Auburn (12-0 SU, 8-3 ATS) has used a great defense (11 ppg allowed) and a powerful ground game (189 yds rushing) to run the table. The Tigers have a strong 1-2 backfield punch of RBs Carnell Williams (1,104 yards, 5 ypc) and Ronnie Brown (845 yards), along with QB Jason Campbell (19 TDs, 6 INTs). Other than a 10-9 win over defending BCS national champ LSU, Auburn has been dominant under Tom Tuberville. The Tigers have outscored opponents, 33-11.

Cotton Bowl, Jan. 1: The team that runs the ball better will have the edge in this one. Tennessee has flip-flopped quarterbacks all season due to injuries, with Brent Schaeffer, freshman Erik Ainge and junior Rick Clausen sharing time. The running game has been the one constant, behind the terrific tandem of RB Cedric Houston (943 yards) and Gerald Riggs Jr. (1,005 yards).

Texas A&M (7-4 SU/ATS) slipped late in the season, riding a 1-3 SU/2-3 ATS run. The Aggies lost to Baylor (35-34), Oklahoma (42-35) and Texas (26-13) during that stretch. The A&M defense has surrendered 35, 42, 25 and 26 points the last four games. QB Reggie McNeal (13 TDs, 3 INTs) is versatile, rushing for 700 yards.
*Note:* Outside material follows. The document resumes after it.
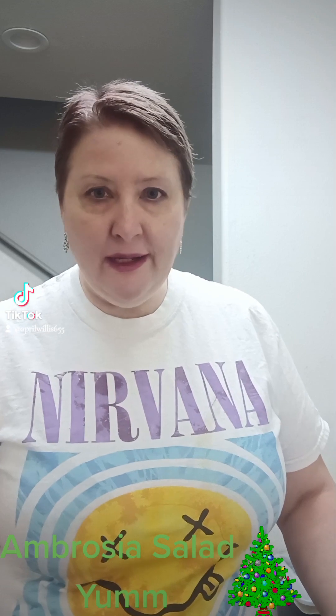Hello everyone, this is April here and I'm going to show you how to do a holiday dessert. It's an ambrosia salad, very easy to make.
Like Tennessee, A&M has often been a tough team to pinpoint: The Aggies played hard against powerhouses Texas and Oklahoma, but still lost to Baylor as a 26-point favorite.
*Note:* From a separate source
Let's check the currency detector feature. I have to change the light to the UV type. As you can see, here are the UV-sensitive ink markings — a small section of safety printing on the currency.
Insight Bowl, Dec. 28: The last time Notre Dame played a bowl game in Arizona it was an embarrassing 41-9 loss to Oregon State in the 2001 Fiesta Bowl. Four years later, the two square off at the same venue. This is only Notre Dame’s second bowl since that defeat. Notre Dame is an awful 0-4 SU/ATS in its last four bowl appearances. The Irish lost 28-6 to NC State two years ago in the Gator Bowl as a slight dog.

This Irish squad is in limbo, awaiting the arrival of new head coach Charlie Weis for next season. ND is are strong against the run, but Oregon State can’t run. The Beavers rely on throwing often behind senior QB Derek Anderson (3,257 yards, 25 TDs). Oregon State is on a 6-0 ATS roll the last six games. The Irish allow 274 passing yards per contest and have been flat the last two games in losses to Pitt and USC (41 points allowed in each).